La danseuse paraissait se mouvoir en apesanteur, les suivants marchent tout bonnement sur les nuages : un cercle de ciel est projeté au sol et morcelé par des miroirs posés sur le sol à la verticale, sans cesse réorientés, ou suspendus aux cintres, inclinés. Leur fonction poétique paraît en même temps que le soleil, un danseur vêtu d'une longue robe jaune, qui évolue en manège sur le ciel : ils en réfractent l'éclat, font apparaître en l'air, sans que l'on sache bien d'où il vient, un rayon de la traîne jaune, répètent l'ondulation du tissu sans le corps qui le met en mouvement, enflammant alors la course du danseur-soleil. Le jeu des miroirs est réfléchi plus avant tout au long du spectacle. Leur agencement ne sert pas seulement à démultiplier le mouvement, ou à le faire voir sous plusieurs angles : pour chaque spectateur, il le réinvente, quitte à le tronquer ou à dissimuler le danseur qui en est à l'origine. Des pieds, un dos, une touche de jaune, une masse mouvante, un aplat de mauve : tout est métamorphose anamorphosée. L'un des miroirs est d'ailleurs déformant. Loin de créer un effet burlesque comme au jardin d'acclimatation, il informe le rêve, et lorsqu'on le fait pivoter, c'est pour se dédoubler en une sorte de tourniquet (comme à l'entrée des musées ou des magasins) à partir duquel rayonnent tous les danseurs dans leur robe jaune. Curieusement, le costume va mieux aux hommes qu'aux femmes : la robe transforme presque les femmes en danseuses espagnoles, tandis qu'elle confère aux hommes le pouvoir magistral des cardinaux.

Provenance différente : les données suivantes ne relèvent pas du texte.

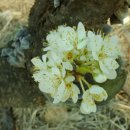 천사의소리 이미지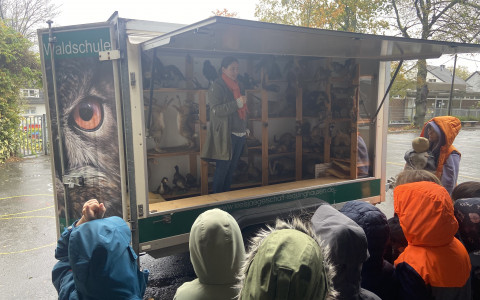 waldschule4.jpg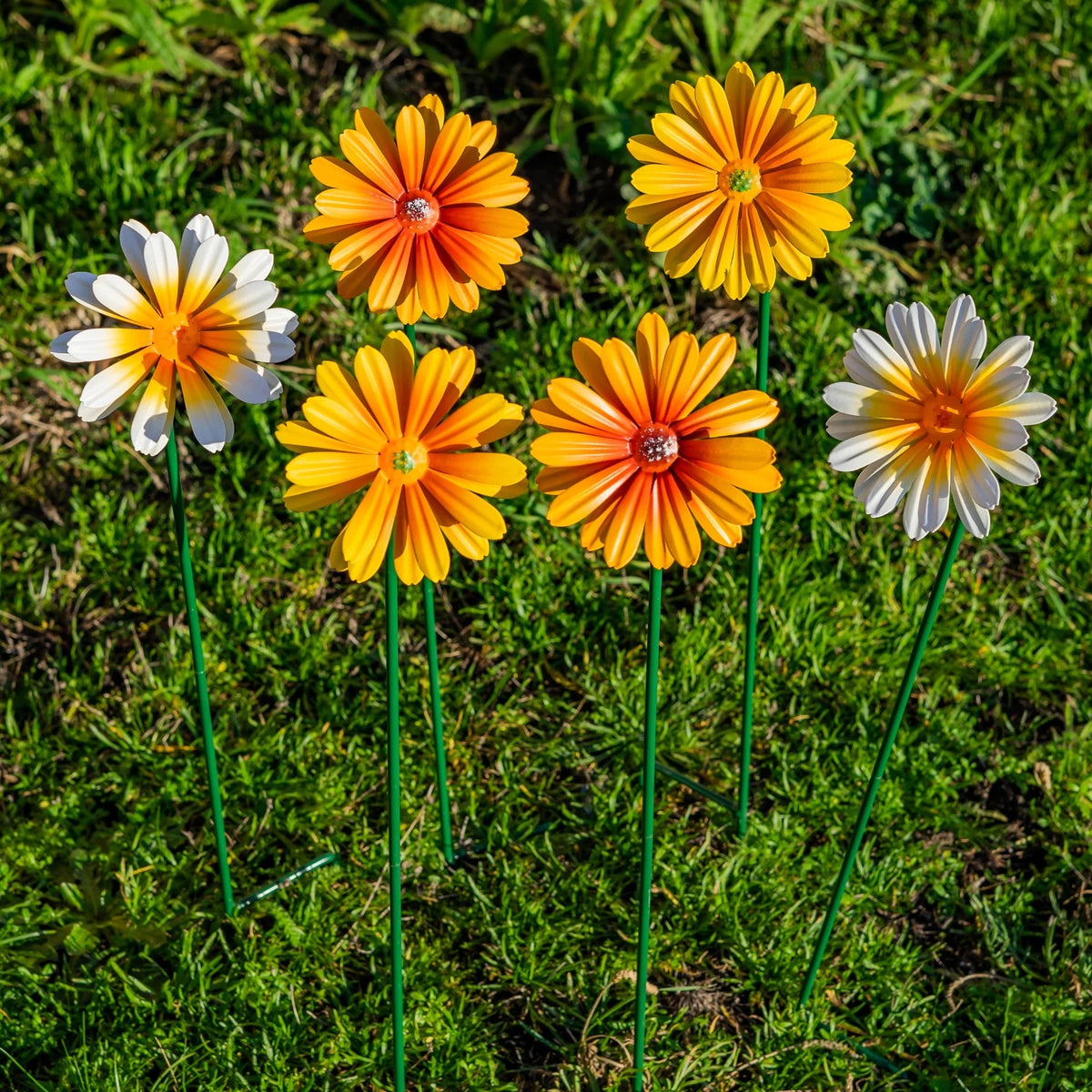 Woodside 12 Pack Yellow & Orange Ornamental Metal Daisy Stakes – 60cm Decorative Garden Border & Pathway Flowers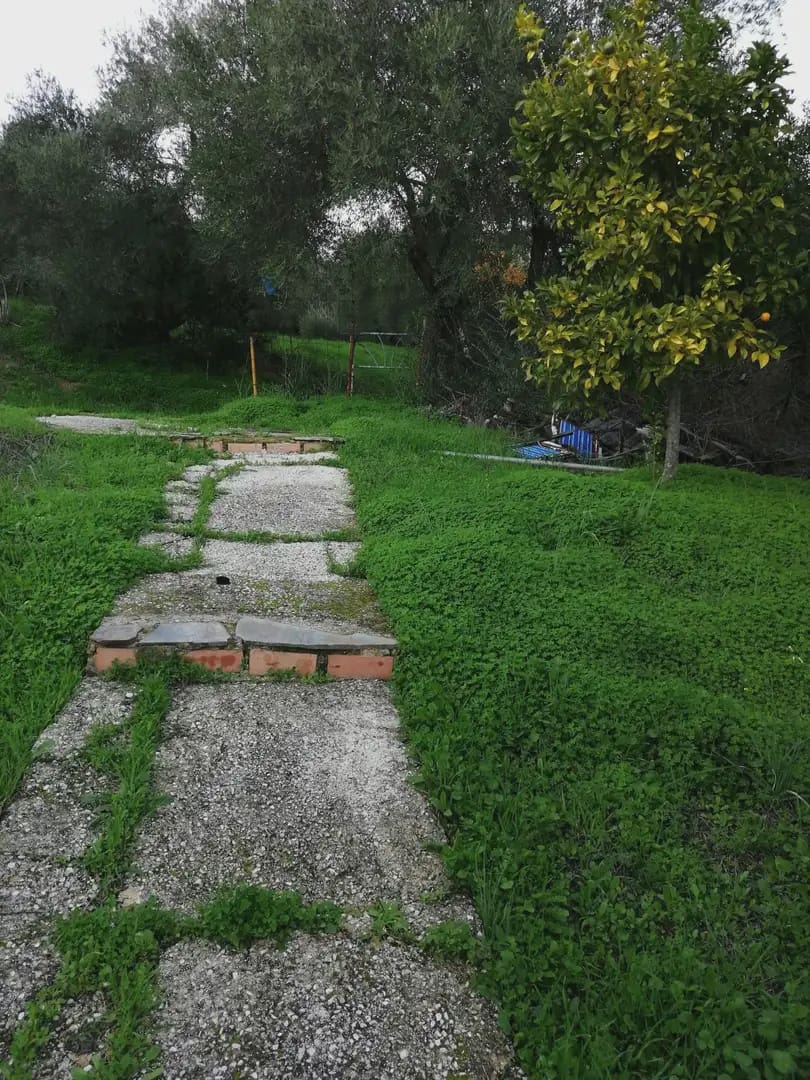Mark till salu i Cortes de la Frontera - 120 000 € (Ref: 10016341)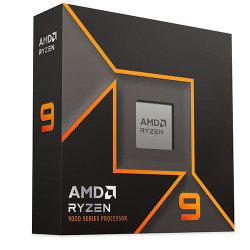 AMD Ryzen 9 9900X 4.4GHz Processor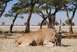 1991 Ford Bronco - An eland antelope lies down in the dry grass of the African savanna, surrounded by acacia trees.
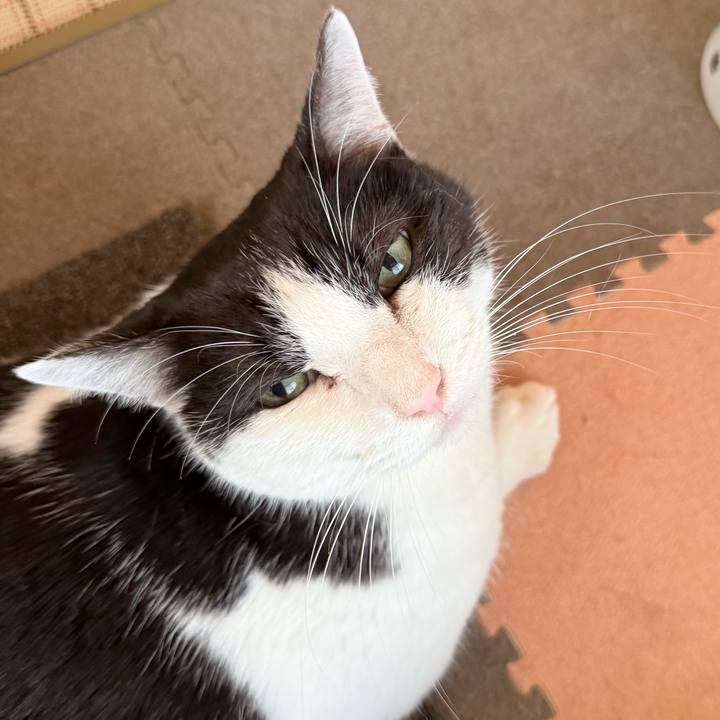 5d87bf0d d8c5 4250 a053 9df5adc49fa2 1773194001523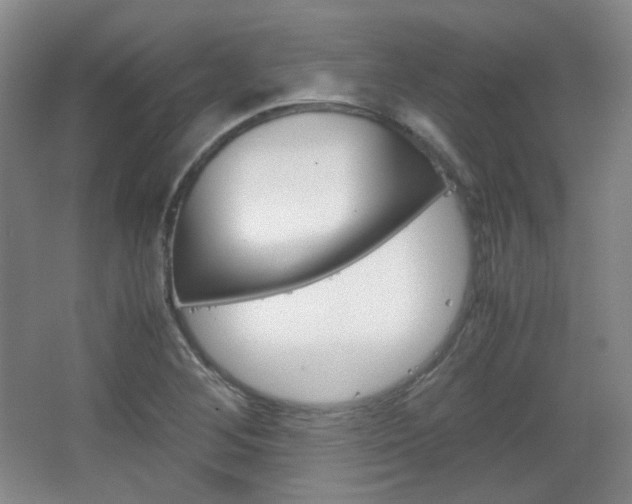 X0000067501268200604071014
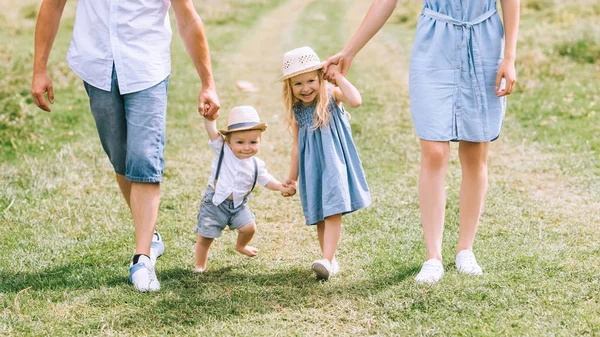 Родители с двумя детьми держатся за руки и ходят по летним полям — стоковое фото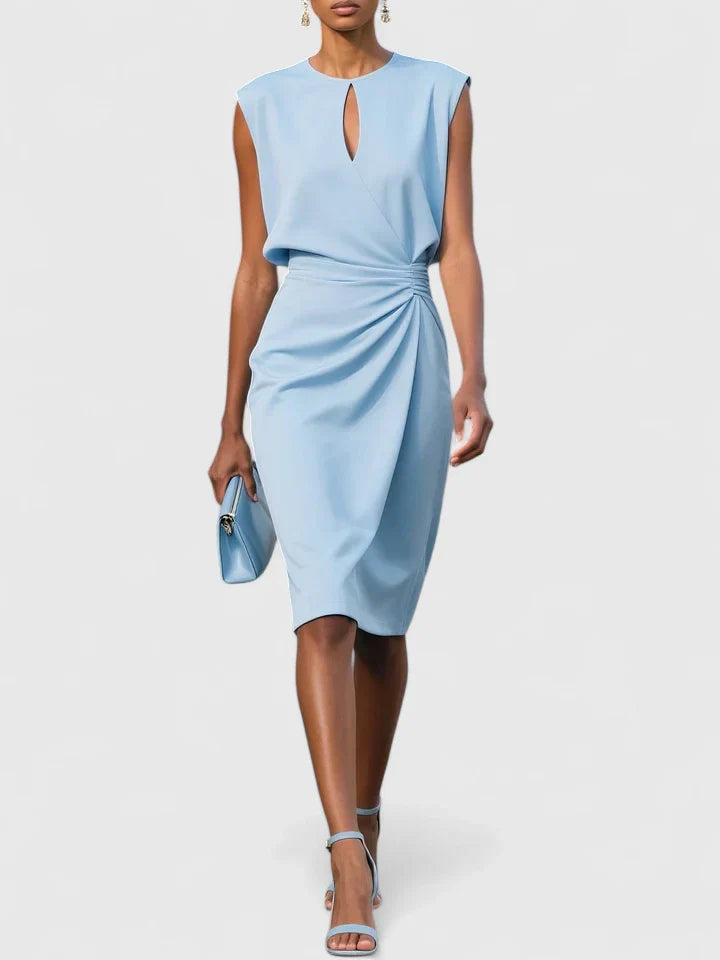 Sophisticated Elegant Dress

La chorégraphe prend le temps d'exploiter ses trouvailles scénographiques, d'en extraire l'effet poétique, sans pour autant donner l'impression de décliner une idée jusqu'au concept, ce qui m'avait empêché d'être vraiment emballée par les Répliques de Nicolas Paul. Le thème du double, du faux-semblant et de l'illusion est également présent à travers le jeu des reflets, mais son traitement poétique se tient éloigné de toute théorie. Il serait vain de chercher à rassembler les reflets en une reconstruction cubiste, cette vision détaillée, ciselée, et incertaine se suffit à elle-même, elle est l'ornementation même du rêve.

 

 

Fragments d'éternité

 

En effet, le fragment est l'esthétique des Songes : juxtaposition d'extraits musicaux, côtoiement des personnages, éclats volés de gestes pourtant d'une grande fluidité, succession de tableaux... La logique onirique veut que tout aille de soi, et sans jamais que l'on se pose de question sur l'enchaînement des tableaux, variés par souci de contraste (baroque) plus que diversité (soli/ ensembles plus ou moins complets, quasi-immobilité/virevoltes empressées, silence musical/rythme intérieur...), les échos se rencontrent et donnent toujours plus d'ampleur à la danse.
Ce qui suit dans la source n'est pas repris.